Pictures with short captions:
==============================

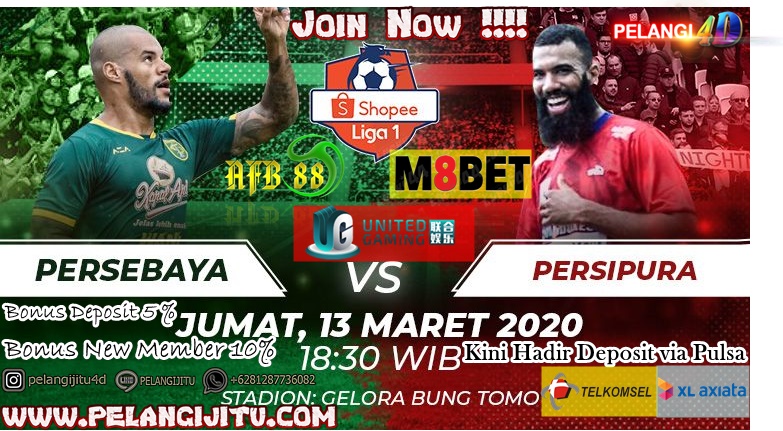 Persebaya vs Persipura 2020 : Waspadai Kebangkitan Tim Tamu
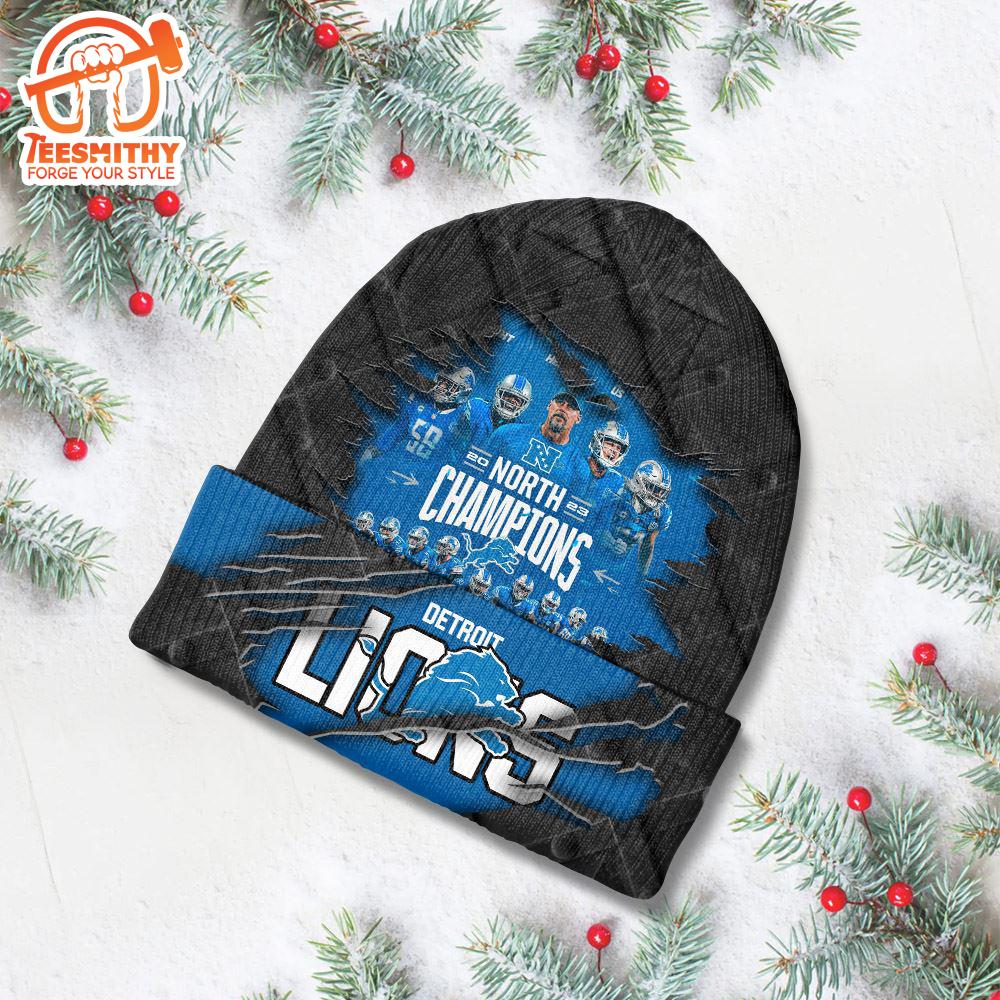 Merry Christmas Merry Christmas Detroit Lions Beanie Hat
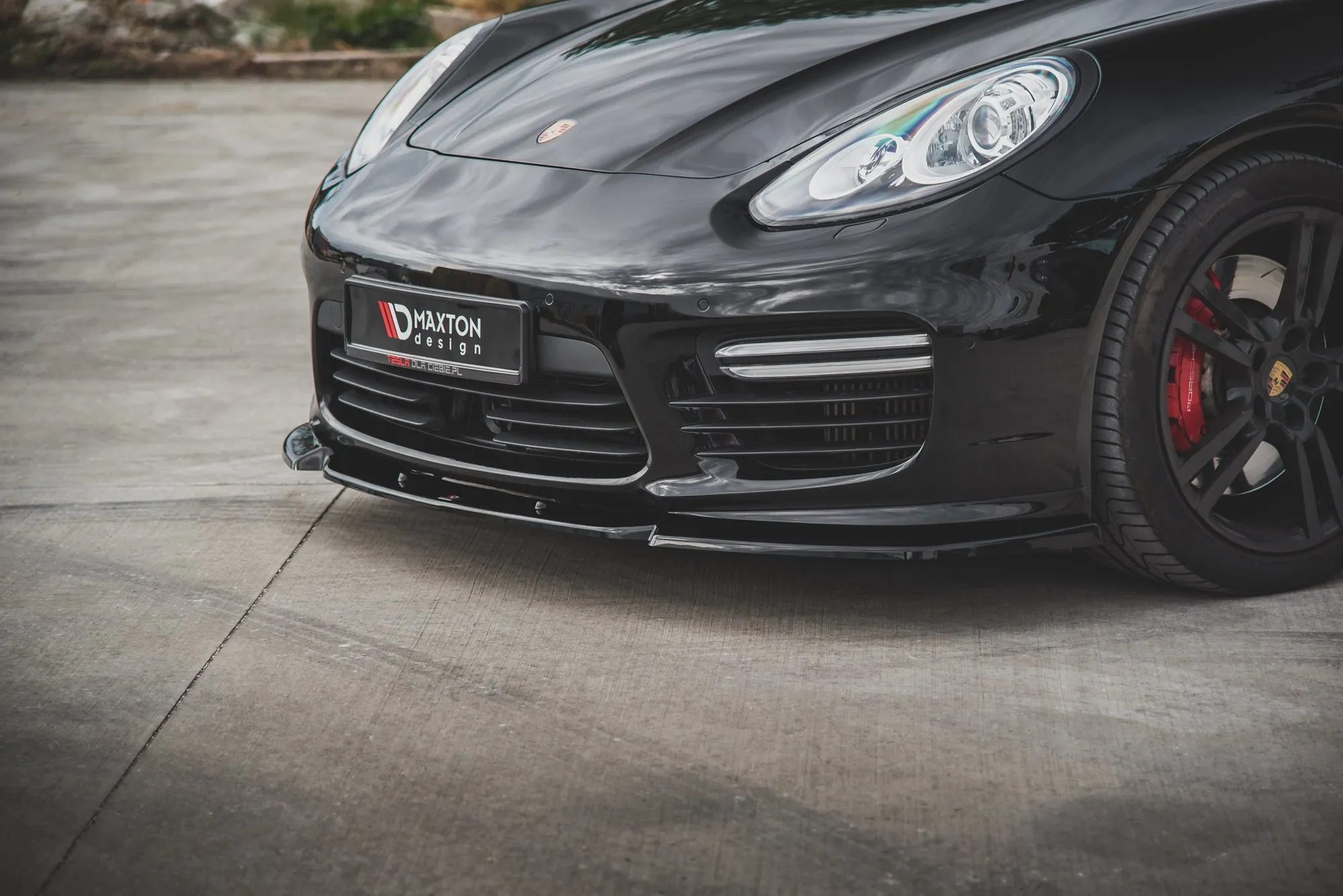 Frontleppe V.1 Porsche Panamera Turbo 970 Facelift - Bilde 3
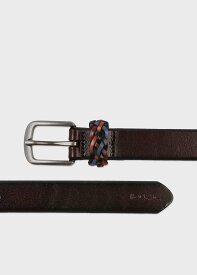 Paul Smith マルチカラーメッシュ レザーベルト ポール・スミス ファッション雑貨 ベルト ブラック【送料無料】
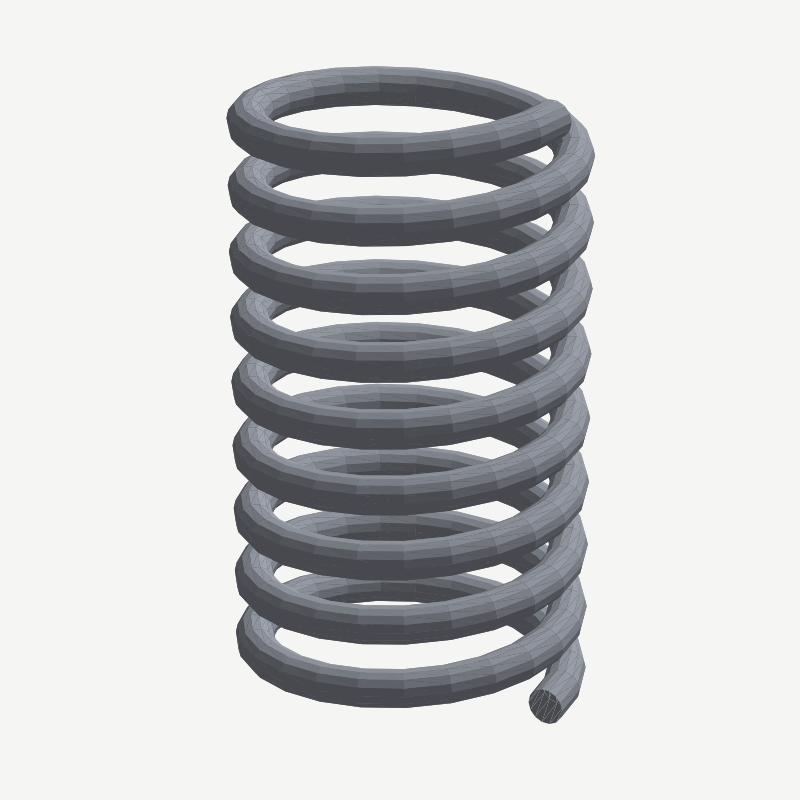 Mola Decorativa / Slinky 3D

==============================

_Work to complete:_ Without the pictures, repeat all the records word for word.

_Response for this exercise:_
 Persebaya vs Persipura 2020 : Waspadai Kebangkitan Tim Tamu
 Merry Christmas Merry Christmas Detroit Lions Beanie Hat
 Frontleppe V.1 Porsche Panamera Turbo 970 Facelift - Bilde 3
 Paul Smith マルチカラーメッシュ レザーベルト ポール・スミス ファッション雑貨 ベルト ブラック【送料無料】
 Mola Decorativa / Slinky 3D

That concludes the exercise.